5.19.2018

coping

For years my son Calvin woke up every morning crying. There was no consoling him, and he'd wail for an hour, sometimes more. I guessed that his misery had to do with the high doses of three anticonvulsant drugs he was taking, one of them being a dreaded benzodiazepine. I imagined they gave him raging headaches. His distress was exasperating, disturbing, worrying and terribly sad. I'd go to sleep each night trying to forget what I knew I'd wake up to the next morning.

This past week, I visited four social studies classes at Calvin's junior high school to speak about disability and difference, to tell the students about Calvin and to answer their questions about him and epilepsy. A thoughtful, curious, dark-haired boy in the front row wondered how I coped. I told him and his classmates that I have an amazing husband who does all of the cooking every single night, and that he is a good enough chef he could open an excellent restaurant.
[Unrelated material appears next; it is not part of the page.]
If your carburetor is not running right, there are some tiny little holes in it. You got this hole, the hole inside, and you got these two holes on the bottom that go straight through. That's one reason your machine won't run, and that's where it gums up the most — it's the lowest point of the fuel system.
I added that I try to take naps, that writing has saved me, and that our beloved friends and community support us in various ways tangibly and emotionally.

What I think I may have forgotten to mention is my love for gardening, which draws me outside in all kinds of weather and is most glorious in the early morning and early evening hours when the light casts long shadows over the lawn.
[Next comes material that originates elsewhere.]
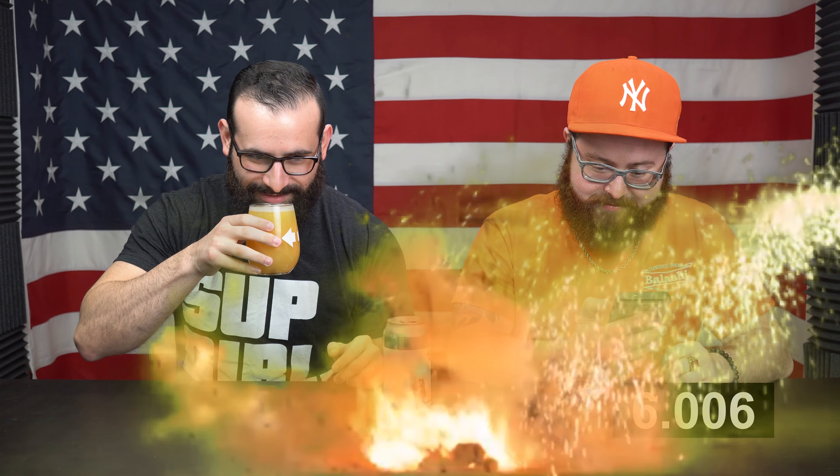Hi, welcome to 9TrackBeer. This is another One Minute Beer Review. I'm doing the other half — fourth year anniversary. I think it's a quadruple dry hop, so let's get into the smell.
Since just before Calvin was born I've ripped out several straggly shrubs and planted scores of others, many of them gifted to me, including several dwarf conifers and small trees. Most of them, however, are flowering rhododendrons and azaleas which remind me of my youth. I made over a ratty, neglected part of the yard back by the screen porch that Michael built, putting in some stone paths. I revived two perennial gardens that had succumbed to grass and weeds, then added a third, edging the larger ones with low rock borders. I limbed-up some huge sickly spruce trees, restoring them, then planted an understory of large and leggy rhodies, scattering forget-me-nots amongst them.

The shrubs are beginning to grow and mature, and as they do I dig up ones that are becoming crowded and relocate them or gift them to friends. Thankfully, most of them survive my thirst for control, but not all.
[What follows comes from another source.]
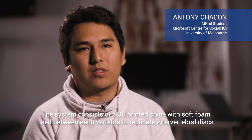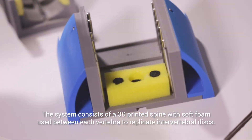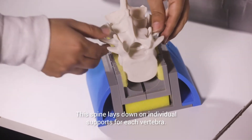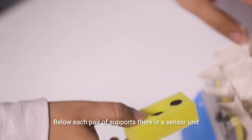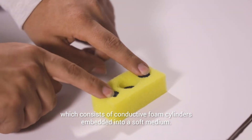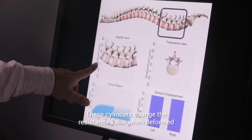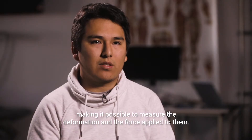The system consists of a 3D printed spine with soft foam used between each vertebra to replicate an intervertebral disc. This spine lays down on individual supports for each vertebra. Below each pair of supports there is a sensor unit which consists of conductive foam cylinders embedded into a soft medium. These cylinders change the resistance value when deformed, making it possible to measure the deformation and the force applied to them.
This morning, the day after Calvin suffered a grand mal, was one of those dewy, gorgeous mornings I'm so grateful for, and more so having yesterday mowed the lawn, as that seems to make everything else pop.

Considering our son's circumstance, I think I'm coping well, but I should mention that he doesn't wake up crying anymore—hasn't for years—which feels like a cure-all in itself.

click on any photo to enlarge.








1 comment:

  1. What a beautiful yard! I love gardening too. It's peaceful, digging in the dirt, listening to the birds, the sound of the breeze in the trees. It's a good place to be.

    I'm glad Calvin doesn't wake up crying anymore.